Waterbears on the International Space Station

In May 2011, STS-134 (the final flight of Space Shuttle Endevour) delivered tardigrades to the International Space Station. Research carried out on these animals showed that microgravity and cosmic radiation did not significantly impact the survival of the tardigrades in flight.

Same species, same number of cells

All adult tardigrades of the same species have the same amount of cells. This is known as eutely.

When the young tardigrade hatches from the egg, it already have the rigt number of cells. Growing to adult size will therefore only involve enlarging the individual cells.

Rarely poop

Some species of tardigrades only defecate when they molt. They simply leave their feces behind with the shed cuticle.

Doesn’t need sex

Some species of tardigrades are parthenogenic.

Names

Waterbears

The tardigrades were first observed by the German zoologist Johann August Ephraim Goeze in 1772. He called them kleinen Wasserbärs (small water bears) since their gait reminded him of bears.

Tardigrada

The name Tardigrada means “slow steppers” in Latin. This name was invented by the Italian biologist Lazzaro Spallanzani in 1777.

Genome

Depending on species, a tardigrade can have anything from circa 75 to 800 megabase pairs of DNA.

 

The species Ramazzottius varieornatus, which is very stress tolerant even by tardigrade standards, had its genome sequenced in 2015, and the researchers found evidence of a loss of gene pathways that are known to promote damage due to stress. This analysis also found a high expression of Damage suppressors (Dsup), a type of Tardigrade-unique proteins that protect against DNA damage from X-ray radiation. When the researchers applied Dsup to human cells in a cell culture, X-ray damage to the cells was reduced by approximately 40%.

Looking at waterbears

You don’t need a very fancy microscope to see tardigrades; a low-power microscope will be enough since waterbears tend to reach a size of 0.3 – 0.5 mm as fully grown adults. They are plump and have four pair of stubby legs (i..e. eight legs in total). Each leg ends in claws or sucking disks.

The largest adults can reach a body lenght of 1.5 mm and can thus be observed with the naked eye.

The smallest adults are not even 0.1 mm in length, and newly hatched tardigrades may be smaller than 0.05 mm.

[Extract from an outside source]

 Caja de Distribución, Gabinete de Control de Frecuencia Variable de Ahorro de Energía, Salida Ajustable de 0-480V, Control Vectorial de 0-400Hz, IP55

Examples of waterbears in popular culture

  • The video game Tardigrades was released by Adventure Game Studio in 2014.
  • Scary mutated tardigrades capable of shapeshifting attack in the 2015 independent sci-fi monster horror movie Harbinger Down.
  • The big alien Ripper in Star Trek: Discovery (2017) is referred to as a “giant space tardigrade”, a distant relative of the small terristrial ones.
  • In the 2017 South Park episode “Moss Piglets”, tardigrades learn to dane to Taylor Swift music.
  • In the 2018 Family Guy episode “Big Trouble in Little Quahog”, Stewie and Brian shrink and meet a group of friendly waterbears.